LOS ANGELES – The Vancouver coroner's office revealed Tuesday that “Glee” star Cory Monteith died from "mixed drug toxicity, involving heroin and alcohol."
The 31-year-old actor had been plagued by substance abuse problems long before his Hollywood days, and had voluntarily checked himself into an undisclosed rehab facility in March, completed a 30-day program, and checked out on April 28. And while it appeared to friends that Monteith was happy and on the road to recovery, experts we spoke to said addicts face serious risks in the weeks and months after they check out of rehab, especially if there is no follow-up care.
“One of the main reasons death can occur shortly after an individual is released from rehab is because of a large decrease in tolerance that their body experiences after a period of abstinence,” Dr. Adi Jaffe, co-founder and research director of Alternatives Addiction Treatment Center in Beverly Hills, told FOX411’s Pop Tarts column. “If they return to using, they might experience far more extreme reactions to drug doses they were once accustomed to using.”

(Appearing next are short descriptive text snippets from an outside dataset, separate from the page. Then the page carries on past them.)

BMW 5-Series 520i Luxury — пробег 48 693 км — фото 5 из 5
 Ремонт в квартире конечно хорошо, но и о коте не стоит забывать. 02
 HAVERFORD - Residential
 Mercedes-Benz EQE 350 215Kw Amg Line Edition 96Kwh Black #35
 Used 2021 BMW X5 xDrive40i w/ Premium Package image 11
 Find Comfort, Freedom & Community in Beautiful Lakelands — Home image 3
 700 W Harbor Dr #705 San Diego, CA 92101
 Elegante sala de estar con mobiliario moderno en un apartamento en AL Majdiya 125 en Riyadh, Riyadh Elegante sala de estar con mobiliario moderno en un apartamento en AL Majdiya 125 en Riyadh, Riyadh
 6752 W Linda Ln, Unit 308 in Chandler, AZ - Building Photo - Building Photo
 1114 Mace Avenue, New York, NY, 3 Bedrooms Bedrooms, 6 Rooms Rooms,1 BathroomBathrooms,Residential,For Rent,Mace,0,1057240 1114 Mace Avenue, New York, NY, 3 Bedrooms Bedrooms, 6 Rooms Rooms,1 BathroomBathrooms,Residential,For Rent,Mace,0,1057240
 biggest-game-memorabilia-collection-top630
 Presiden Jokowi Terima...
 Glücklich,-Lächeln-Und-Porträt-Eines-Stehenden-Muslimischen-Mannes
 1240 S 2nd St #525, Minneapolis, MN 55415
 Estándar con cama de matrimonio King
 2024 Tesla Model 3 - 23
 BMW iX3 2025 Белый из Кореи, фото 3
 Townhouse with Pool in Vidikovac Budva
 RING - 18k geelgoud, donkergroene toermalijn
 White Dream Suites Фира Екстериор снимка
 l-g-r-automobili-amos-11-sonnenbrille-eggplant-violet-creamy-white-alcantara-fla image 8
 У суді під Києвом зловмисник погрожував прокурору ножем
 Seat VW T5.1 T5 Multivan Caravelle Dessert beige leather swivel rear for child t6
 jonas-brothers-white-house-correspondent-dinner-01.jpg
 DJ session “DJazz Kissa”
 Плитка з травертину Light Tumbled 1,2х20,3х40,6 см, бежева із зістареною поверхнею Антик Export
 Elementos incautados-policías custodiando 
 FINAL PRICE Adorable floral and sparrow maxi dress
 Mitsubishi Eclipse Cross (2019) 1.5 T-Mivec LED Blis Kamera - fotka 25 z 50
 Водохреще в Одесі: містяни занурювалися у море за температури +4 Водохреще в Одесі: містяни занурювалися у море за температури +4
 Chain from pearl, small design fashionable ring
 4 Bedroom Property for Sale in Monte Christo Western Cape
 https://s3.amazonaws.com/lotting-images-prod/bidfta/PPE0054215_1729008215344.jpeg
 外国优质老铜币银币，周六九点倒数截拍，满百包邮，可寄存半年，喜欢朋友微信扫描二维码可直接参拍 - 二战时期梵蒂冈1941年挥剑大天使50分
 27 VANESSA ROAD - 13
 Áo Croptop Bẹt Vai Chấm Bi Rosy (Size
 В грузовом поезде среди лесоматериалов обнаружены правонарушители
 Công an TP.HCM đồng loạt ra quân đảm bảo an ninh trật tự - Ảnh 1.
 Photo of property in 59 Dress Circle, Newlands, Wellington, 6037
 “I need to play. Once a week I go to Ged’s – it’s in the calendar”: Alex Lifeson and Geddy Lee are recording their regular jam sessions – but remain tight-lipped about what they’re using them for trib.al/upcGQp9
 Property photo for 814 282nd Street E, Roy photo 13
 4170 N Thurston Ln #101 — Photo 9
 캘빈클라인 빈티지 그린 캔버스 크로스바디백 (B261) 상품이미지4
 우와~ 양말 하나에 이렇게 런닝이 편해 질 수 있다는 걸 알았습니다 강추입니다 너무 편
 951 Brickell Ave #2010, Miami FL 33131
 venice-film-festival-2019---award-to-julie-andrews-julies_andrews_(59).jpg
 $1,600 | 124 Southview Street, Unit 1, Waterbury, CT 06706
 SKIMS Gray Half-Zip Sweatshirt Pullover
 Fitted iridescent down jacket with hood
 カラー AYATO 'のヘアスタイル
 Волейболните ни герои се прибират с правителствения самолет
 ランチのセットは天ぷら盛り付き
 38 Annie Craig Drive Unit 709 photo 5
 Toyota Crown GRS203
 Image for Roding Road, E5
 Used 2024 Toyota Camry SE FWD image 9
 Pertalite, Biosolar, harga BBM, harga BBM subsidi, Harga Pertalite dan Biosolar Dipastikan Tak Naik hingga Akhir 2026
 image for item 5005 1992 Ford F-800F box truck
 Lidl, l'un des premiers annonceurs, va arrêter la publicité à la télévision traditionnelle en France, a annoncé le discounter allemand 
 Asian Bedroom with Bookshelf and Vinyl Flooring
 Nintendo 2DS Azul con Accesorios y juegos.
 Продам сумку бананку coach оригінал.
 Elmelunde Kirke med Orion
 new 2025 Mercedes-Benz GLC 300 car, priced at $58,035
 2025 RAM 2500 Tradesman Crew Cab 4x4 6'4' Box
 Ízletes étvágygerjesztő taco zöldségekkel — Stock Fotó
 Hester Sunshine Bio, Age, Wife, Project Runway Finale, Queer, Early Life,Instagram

Another Hollywood insider who has worked with many recovering drug addicts concurred that rehab can sometimes provide a “false sense of security” in believing that everything is okay and they’re recovered. Many also pointed out that a 30-day program for a lifelong addict -- Monteith has said he has struggled with drugs since he was 13 -- might not be enough.
“I have often seen when someone goes to rehab and detoxes off of drugs, they may not spend enough time to get to the root cause of their addiction. This usually takes between 90 and 120 days. 30 days is usually not long enough,” addiction specialist Dr. Damon Raskin said. “If a user then relapses, he may return to using the same dose that they used prior to the relapse, and they may overdose due to losing the tolerance he had prior. This frequently leads to death.”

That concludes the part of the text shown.